In code line 2 we specify a “SimpleRNN” with 2 units, we specify a linear activation function, and we set bias to “false”. Also, in code line 7 we specify that in the output layer we want to use linear activation function and that we do not want to use bias. The prediction performance of the modified model is given in Fig. 9 below, and training and validation losses are given in Fig. 10 below. Finally, in code line 16, we increase the number of epoch to 4000 to obtain better results.

Figure 9: The prediction performance for modified “SimpleRNN()”. Note that in this case we are using 2 units and epoch=4000.
Figure 10: Training and validation losses for modified “SimpleRNN” architecture. Note that in this case we are using 2 units and epoch=4000.

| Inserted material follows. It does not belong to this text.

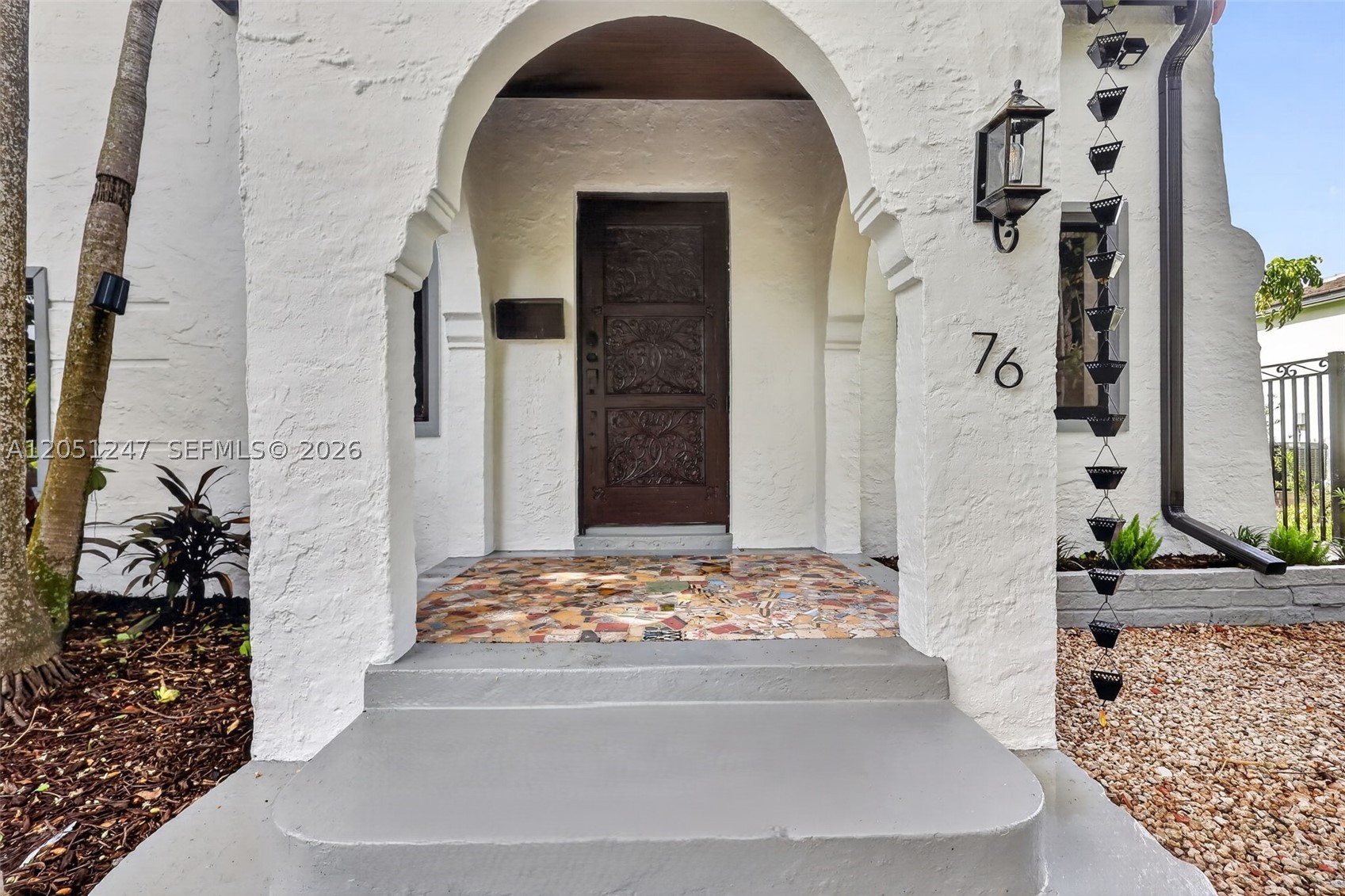 76 NW 97th St Miami Shores, FL 33150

4. Critique, Conclusions, and Future Work

We have explained how to use Keras/TensorFlow library to reproduce an input-output behavior of a dynamical system.
The main drawback of the present approach is that we need to know an initial condition to apply it. In practice, it is rarely the case that we know the initial condition of the system. One of the ways to overcome this is to simply ignore the initial condition since if the system is stable, the effect of the initial condition will fade away as time increases. Another approach is to reformulate the model we want to estimate and to try to estimate the model in the autoregressive with exogenous input form. This model predicts the system output only on the basis of the past inputs and outputs.